» The input:
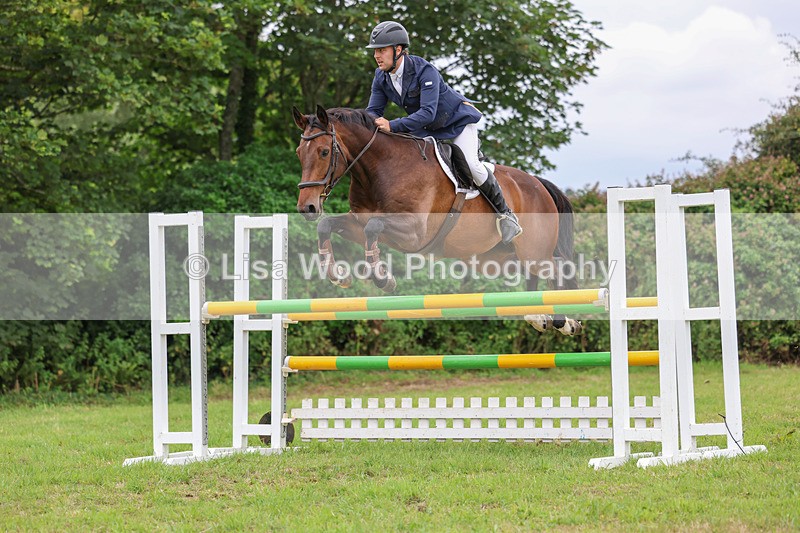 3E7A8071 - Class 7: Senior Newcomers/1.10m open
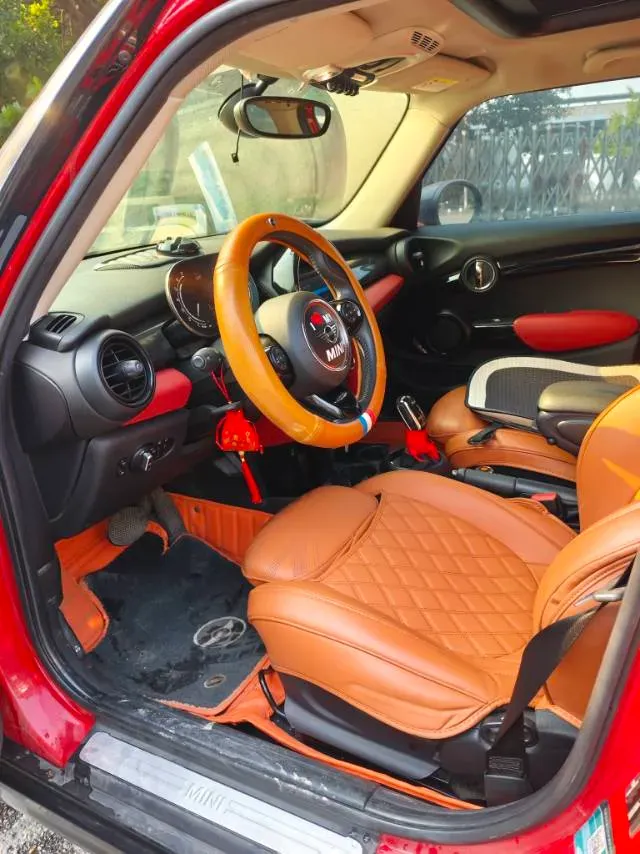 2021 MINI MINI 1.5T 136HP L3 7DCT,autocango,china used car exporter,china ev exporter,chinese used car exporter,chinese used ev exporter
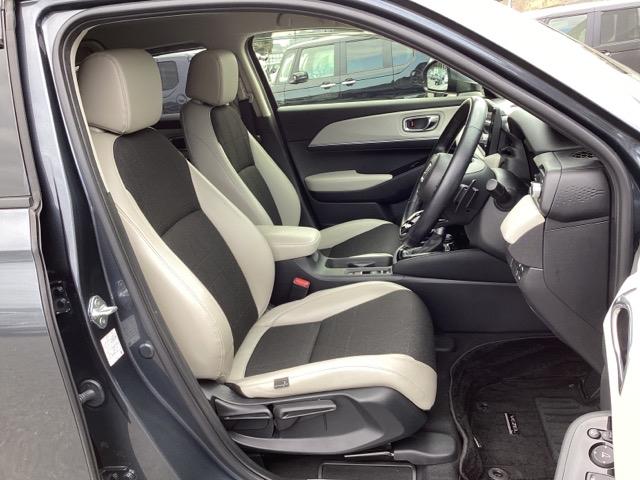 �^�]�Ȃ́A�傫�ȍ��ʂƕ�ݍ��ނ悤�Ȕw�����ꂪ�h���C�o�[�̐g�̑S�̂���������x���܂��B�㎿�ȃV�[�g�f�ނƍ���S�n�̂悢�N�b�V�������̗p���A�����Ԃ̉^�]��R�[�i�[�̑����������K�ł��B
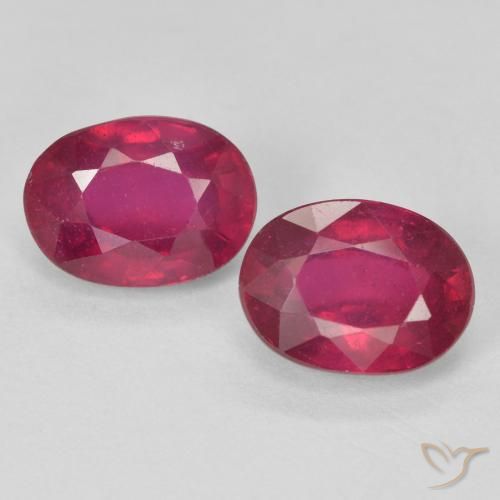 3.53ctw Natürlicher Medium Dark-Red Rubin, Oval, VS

* * *

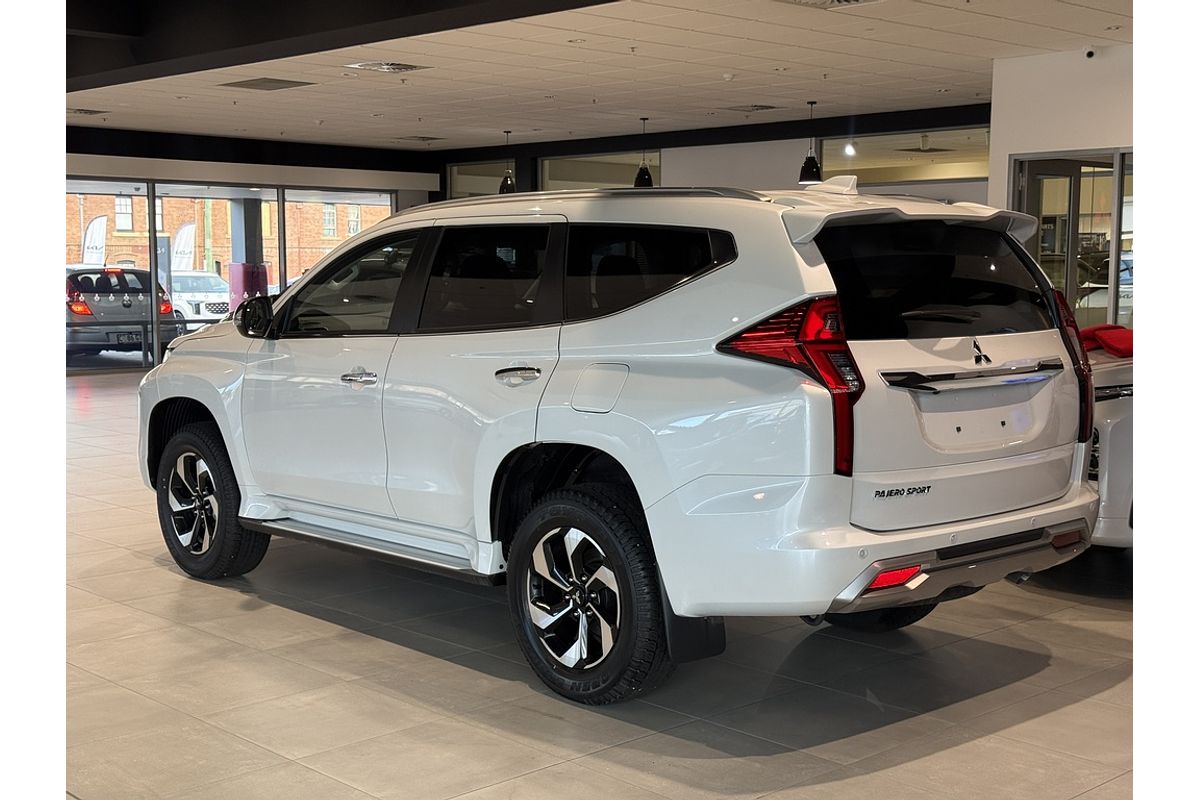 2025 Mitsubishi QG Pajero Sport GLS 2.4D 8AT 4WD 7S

» Problem to solve:
The lines above from the line with "3E7A8071 - Class" through the line with "3.53ctw Natürlicher Medium" are to be given again word for word, with no pictures among them.

» Answer for this exercise:
 3E7A8071 - Class 7: Senior Newcomers/1.10m open
 2021 MINI MINI 1.5T 136HP L3 7DCT,autocango,china used car exporter,china ev exporter,chinese used car exporter,chinese used ev exporter
 �^�]�Ȃ́A�傫�ȍ��ʂƕ�ݍ��ނ悤�Ȕw�����ꂪ�h���C�o�[�̐g�̑S�̂���������x���܂��B�㎿�ȃV�[�g�f�ނƍ���S�n�̂悢�N�b�V�������̗p���A�����Ԃ̉^�]��R�[�i�[�̑����������K�ł��B
 3.53ctw Natürlicher Medium Dark-Red Rubin, Oval, VS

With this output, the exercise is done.